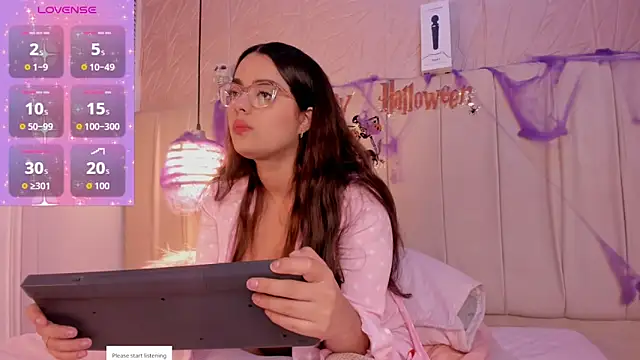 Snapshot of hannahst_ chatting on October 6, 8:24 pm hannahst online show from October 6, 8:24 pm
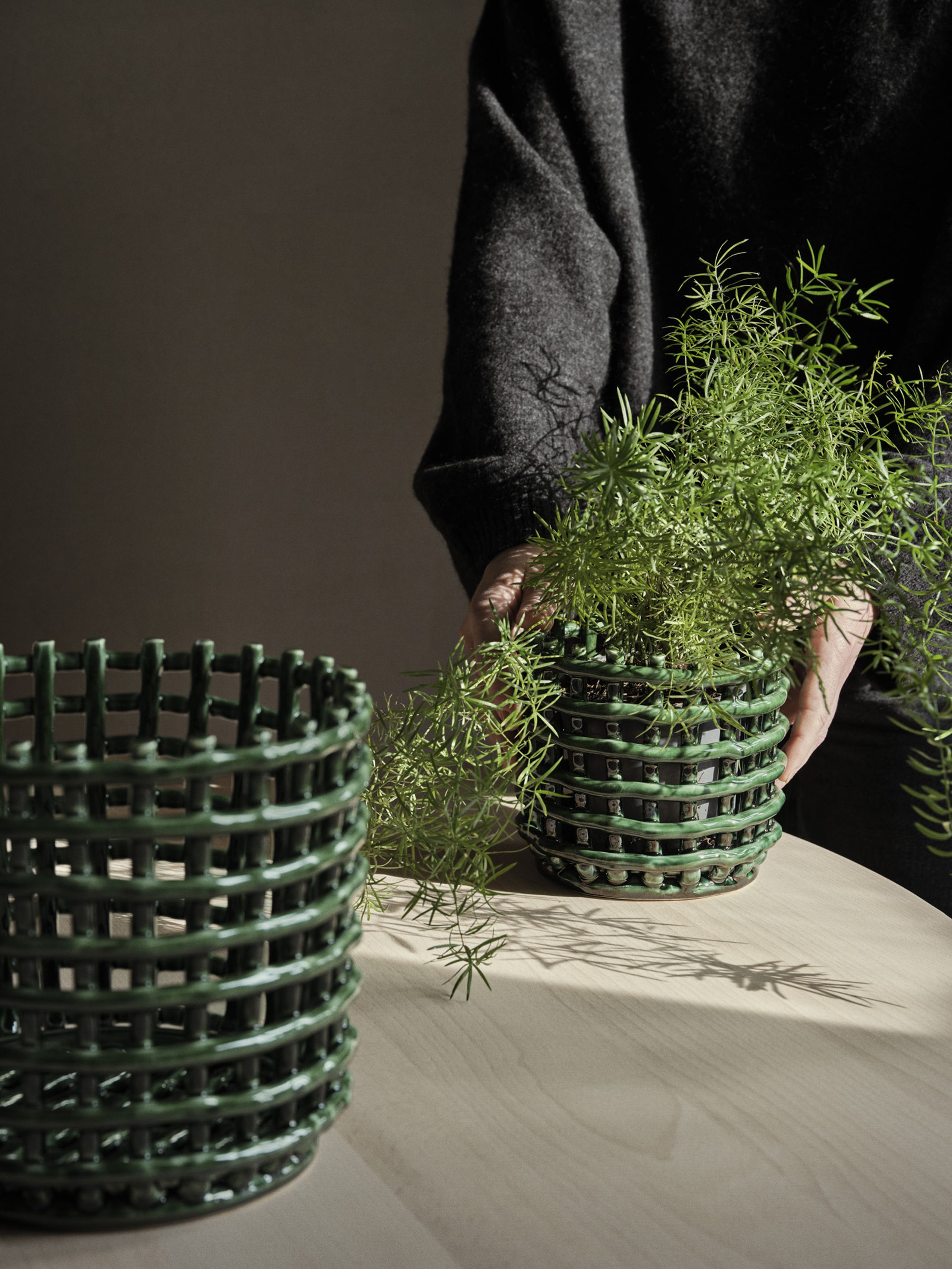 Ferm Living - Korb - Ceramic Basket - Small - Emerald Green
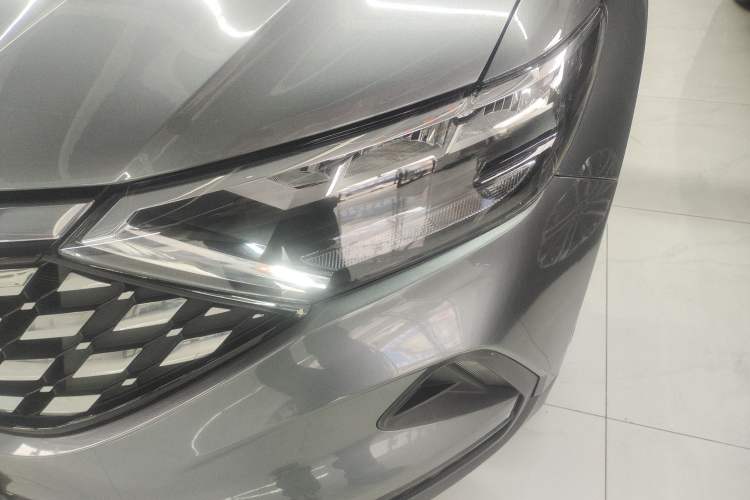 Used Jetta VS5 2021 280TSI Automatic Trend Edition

+++

§ **REQUIRED ACTION**:
An exact copy of the material is required, minus the pictures.

§ **ANSWER SECTION**:
 Snapshot of hannahst_ chatting on October 6, 8:24 pm hannahst online show from October 6, 8:24 pm
 Ferm Living - Korb - Ceramic Basket - Small - Emerald Green
 Used Jetta VS5 2021 280TSI Automatic Trend Edition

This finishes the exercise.